Good Morning!

I have to share an epiphany that I had prompted by a discussion I was following on Twitter about the emergence of money being tied to energy versus money being decreed by an authority. The "money is decreed" side made the interesting point that gold wasn't really money until a governing body put a stamp of authenticity on it, and as cringe-worthy as that is, it does seem to have some validity. I started to imagine what I would do with a sizable nugget of gold that I found in my backyard if I was in a society that used cold coins as money.

The fact is, I would probably trade it for gold stamped coins, and take a haircut. I could potentially trade it for a cow, or some land, but if I wanted to buy a hat, I don't think I would be able to to chip off a chunk of gold and take it into the hat store- even if I had a scale with me. The hat store owner needs to enter the sale into their books, give you a receipt, etc. and that process is more efficient if they accept standardized tokens that communicate well with a community ledger. They would most likely tell you to head down the street to the gold dealer, and return with stamped coins.

Fiat takes this to the extreme, taking pieces of paper and just printing elaborate designs on them that are hard to fake to protect this stamp of authenticity.

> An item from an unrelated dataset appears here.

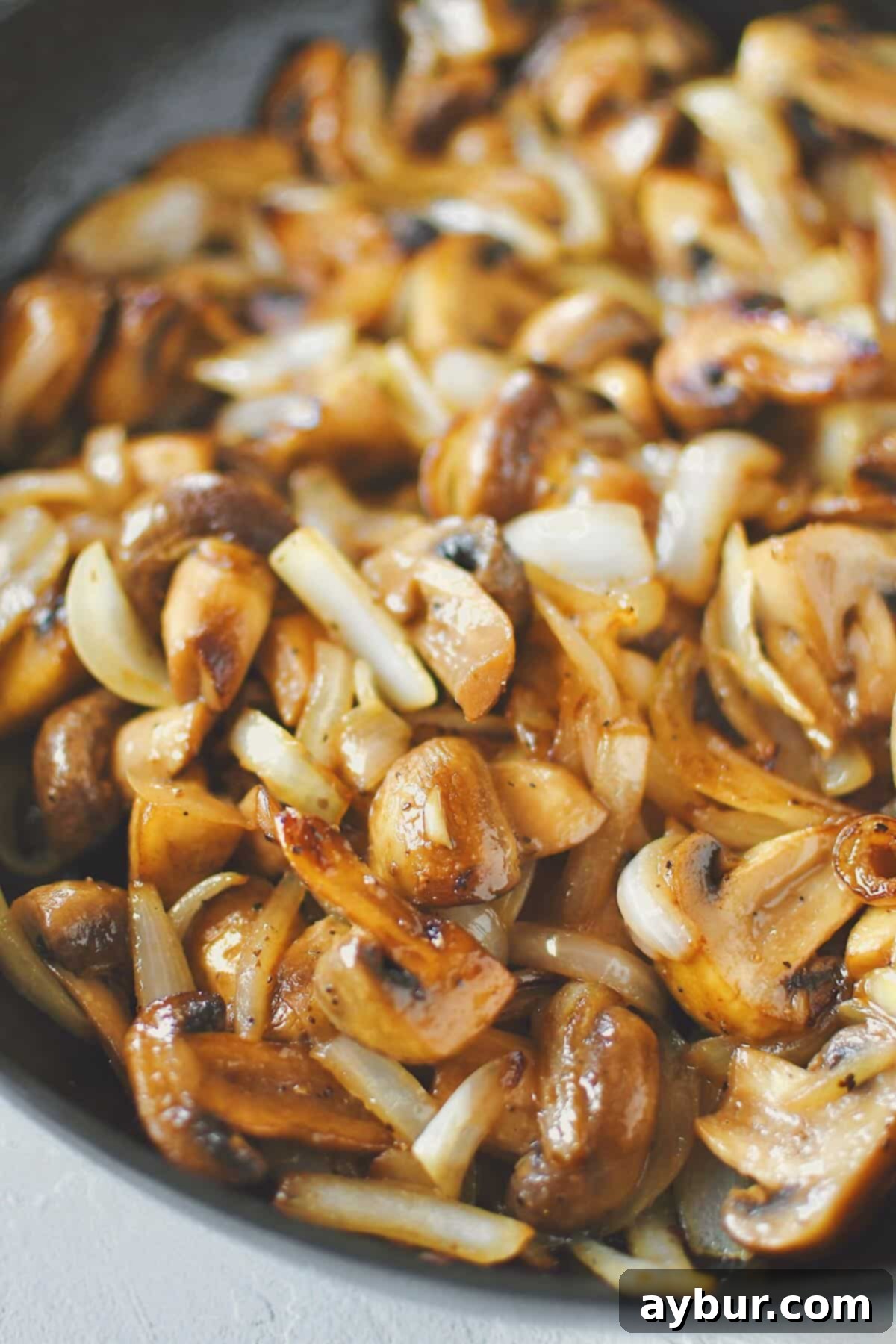 Caramelized Mushrooms and Onions 2 Perfectly Sautéed Mushrooms and Onions, golden brown and tender, served in a cast iron skillet, ready to be enjoyed.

The epiphany came when I realized that the most important distinction between Bitcoin and all other forms of money throughout time, is that money until now has always depended on a stamp of authenticity from a governing body in order to conform to a standardized ledger, and Bitcoin does not. Bitcoin is the ledger! Or thinking about it a different way, Bitcoin is the central authority, maintaining its sound monetary properties without incentive, or the ability to influence or be influenced.